Yes - it uses CUDA (GPU) memory management by (some branch of) AVS. So a programmer of a separate filter must rewrite it for its own GPU memory management. As for quality you can check classic mvtools old versions like 2.7.45 or even more old. I think the main algorithms of MVs search (see PlaneofBlocks class) have not changed significantly from the very old mvtools designs and at some point were ported into that KTGMC project.
The main difference is that before Win10 and the main effort by Microsoft to make ME API for hardware ASICS available for end users we only had the software-based ME engines (onCPU or some onGPU implementations like that KTGMC project). And after Win10 we finally have compatible ME API from hardware accelerators at end-users GPU chips. Maybe with CUDA SDK NVIDIA provides some UNIX-compatible ME API too for CUDA-software designers.
So currently we have 3 different open source and public freeware API for most compute-loaded ME processes:
1. onCPU mvtools
2. onGPU CUDA-based KTGMC
3. onGPU hardware ME ASIC accelerated from MPEG encoder via DX12 or CUDA-API.

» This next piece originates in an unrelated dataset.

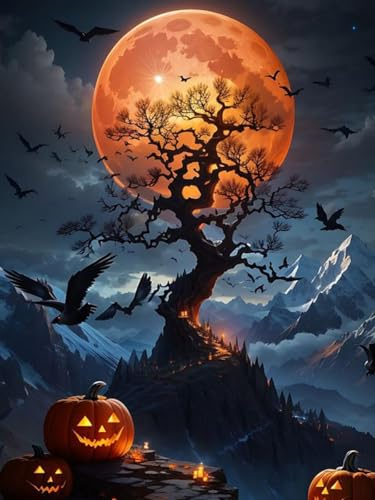 Halloween Diamond Painting DIY Set,ürbis und Mondlicht 5D Diamond Painting Kits,Halloween und Herbstdekor,Kunst und Handwerk für Wanddekoration,halloween-geschenk für Kinder & Erwachsene(30x40cm)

All 3 methods return compatible MVs format with precision up to qpel. The only limitation of hardware ASIC typically only blocksize of 8x8 or 16x16 and colour format of NV12 (YV12). Software implementations can support any blocksize and bitdepth and colour format searches.

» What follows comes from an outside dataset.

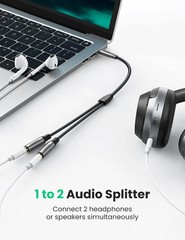 Headphone Splitter 3.5Mm Aux Splitter 2 Female to 1 Male Audio Y Stereo Dual Hea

Method 3 allow to use most of possible at the enduser machine resources: hardware MPEG ASIC (for ME) + GPU general purpose cores (for MC+DN) + CPU general purpose cores for other processing so can provide max performance in theory.

eac3to_mod
14th February 2024, 16:01
Alice in Wonderland.

LigH
14th February 2024, 16:16
:confused:

I may be missing something; but reading such a reply which seems to lack respect for another person's efforts could discourage me from helping any further...

tebasuna51
15th February 2024, 13:40
I accidentally deleted the thread trying to edit my first post. You can either restore it or not I don't really care. It won't be so useful after I delete all my posts. If they want to take over my thread let them have it.

I will only be posting about eac3to from now on.

I restore the thread, for preserve users contribution. But I closed it because owner don't want continue posting here.